New Delhi: Adjustment of one-time entry fee paid by telecom companies whose licences were quashed by the Supreme Court against the spectrum price they paid in 2012-13 deprived national exchequer of Rs 5,476.3 crore, a CAG report tabled in Parliament said today.
"Set-off of the non-refundable entry fee of Rs 5,476.30 crore paid by licensees in 2008 whose licences were declared illegal and quashed by the Supreme Court against the auction price payable for spectrum in 1800 MHz/800 MHz held in November 2012/March 2013 deprived the government of the revenue to that extent," the audit report on communication and IT sector stated today.

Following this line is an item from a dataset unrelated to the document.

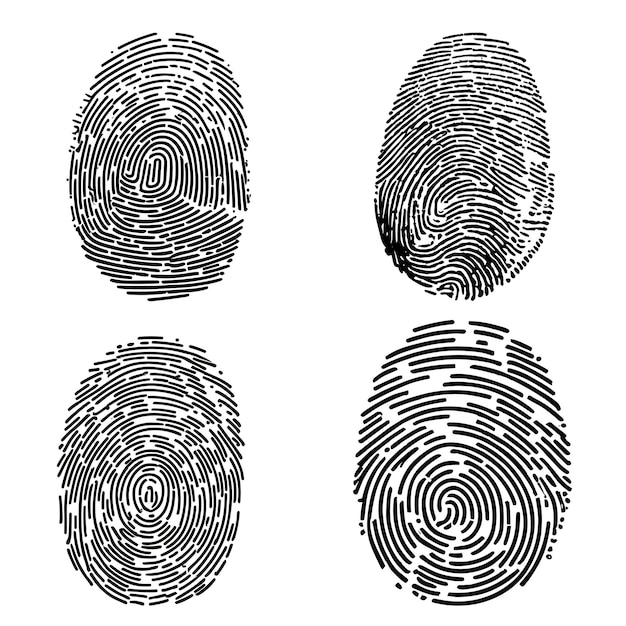 Vector fingerprint on white background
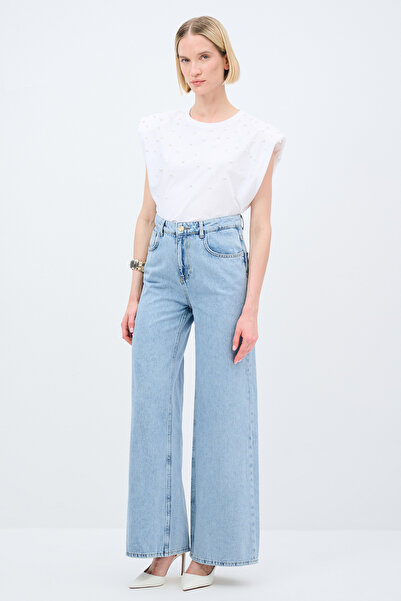 adL Bol Paça Denim Pantolon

The government in 2012 decided to adjust the licence fee paid by companies whose permits were quashed in the 2G case.
The rider was the adjustment will be provided in the spectrum price those players will shell out in the auction to procure the airwaves.

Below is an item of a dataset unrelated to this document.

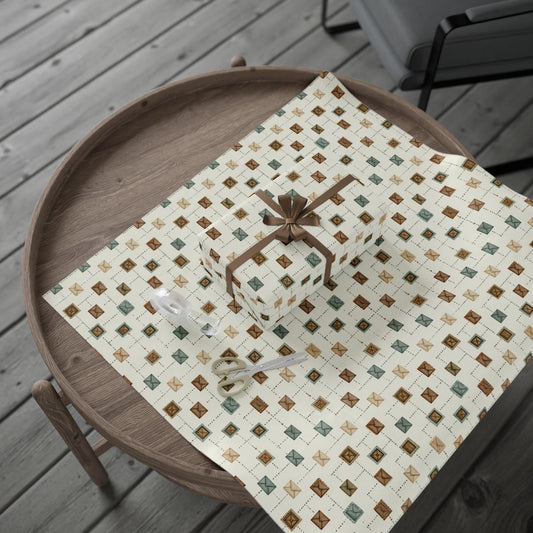 Vintage Postal System Wrapping Paper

The major beneficiaries of this scheme are Telewings Communications (now Telenor), Videocon Telecom and Sistema Shyam Teleservices.
The report further said the government continued to allocate wireless frequencies in spectrum band of 3.3-3.4 Ghz without auction free of cost despite recommendation from regulator Trai in violation of the apex court judgment that said spectrum should be allocated through auction.
CAG added that the continued allocation "administratively, free of cost resulted in significant loss to the public exchequer by way of non-realisation of one-time charges which the government would have realised had they auctioned the spectrum".
"This was despite recommendation of Trai to auction the spectrum in the 3.3-3.4 GHz band, which also violated the intent and spirit of the Supreme Court judgment," the report said.
CAG has rapped the Telecom Regulatory Authority of India (Trai) for setting up regional offices by ignoring directions of the central government, which incurred an expenditure of Rs 14.12 crore till March 2014.
CAG noted deficiencies in contract management, web hosting and application development by the National Informatics Centre Expenditure, which ran up a cost of Rs 14.88 crore.
"Lack of proper monitoring and delays at various stages resulted in hardware and software worth Rs 12.09 crore becoming obsolete," the report said.
Further, NIC failed to forfeit the bank guarantee worth Rs 2 crore on failure of the vendor to execute work under the e-court project due to lack of co-ordination among the user groups concerned, it stated.
The auditor also found defective planning by the state-run BSNL in implementation of CDR (call data record) based billing and customer care solution.